Individual consistency:

  • Min Excess of Measured Speed vs Speed Limit: when detected speed compared to the speed limit exceeds the specified percentage.
  • Min Excess of Measured Flow vs Capacity: when detected flow compared to capacity exceeds the specified percentage.

Congestion consistency:

  • Min Occupancy to Identify Congestion: when occupancy is over the specified percentage.
  • Max Flow to Identify Congestion: when flow is under the specified flow.

A congestion consistency message will appear when these two criteria are fulfilled simultaneously.

Spatial consistency:

  • Min Flow Value to Check Consistency: to determine which records to check.
  • Max Distance to Check Consistency: to determine which objects to include, according to the distance to the record being checked.
  • Min Flow Difference to Report Inconsistency: when the difference between two measure points that have no interference in between (no merge/diverge nor centroid connections) or when the incoming vs outcoming flow difference in the node is higher that the specified percentage.

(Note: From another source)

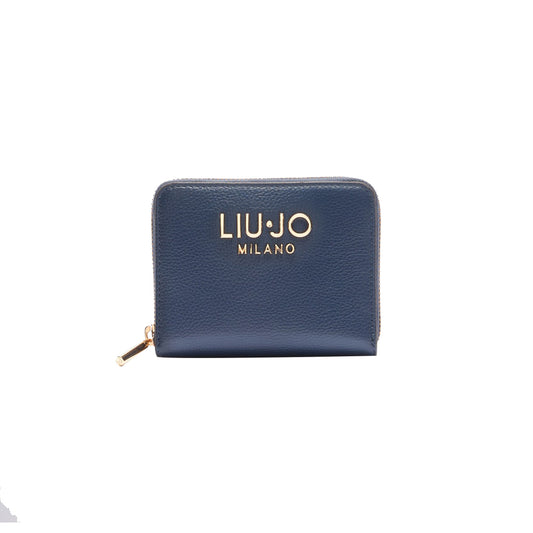 Portafoglio Piccolo da donna con zip bottalato Blu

Spatial consistency messages apply to count or flow records. The count or flow of a record in the RDS will be considered provided it is higher than the Min Flow Value to Check Consistency. It compares the value of the record with all records from the same interval within the Max Distance to Check Consistency. When the record corresponds to a partial value (not covering all the lanes of the section) data on the missing lanes will be looked for within 50m. When not found, this record will not be checked for spatial consistency.

Only in order to reach more spatial checks and as long as a node is not affected by centroid connections and includes data for all entrances and exits except one, the checker will calculate and assign the balance value for the no data section for the interval and the vehicle type that include the other inputs and outputs. This new data will be addressed as the other data entities and only be included in the check process.

The count or flow being checked is propagated until the next measuring point and directly compared if there are no geometry interferences (only section joins are encountered). Also, the possible difference of flow due to distance between the measure points is taken into account, by calculating an approximate of the storage capacity if all vehicles where stopped between these two points and assuming a density of a vehicle each 5m. So for this case, a warning report is generated when the count or flow difference is higher than the specified Min Flow Difference to Report Inconsistency. If the value difference minus the storage capacity between both points compared to the highest value is higher than the specified Min Flow Difference to Report Inconsistency then instead of the warning, an error will be issued.

Another count or flow consistency spatial check is done as well for nodes: when getting to a node where there are more options, if data is available on all entrances and exits, the incoming vs outcoming total value is then compared. If incoming vs outcoming exceeds the specified percentage in absolute value will be reported.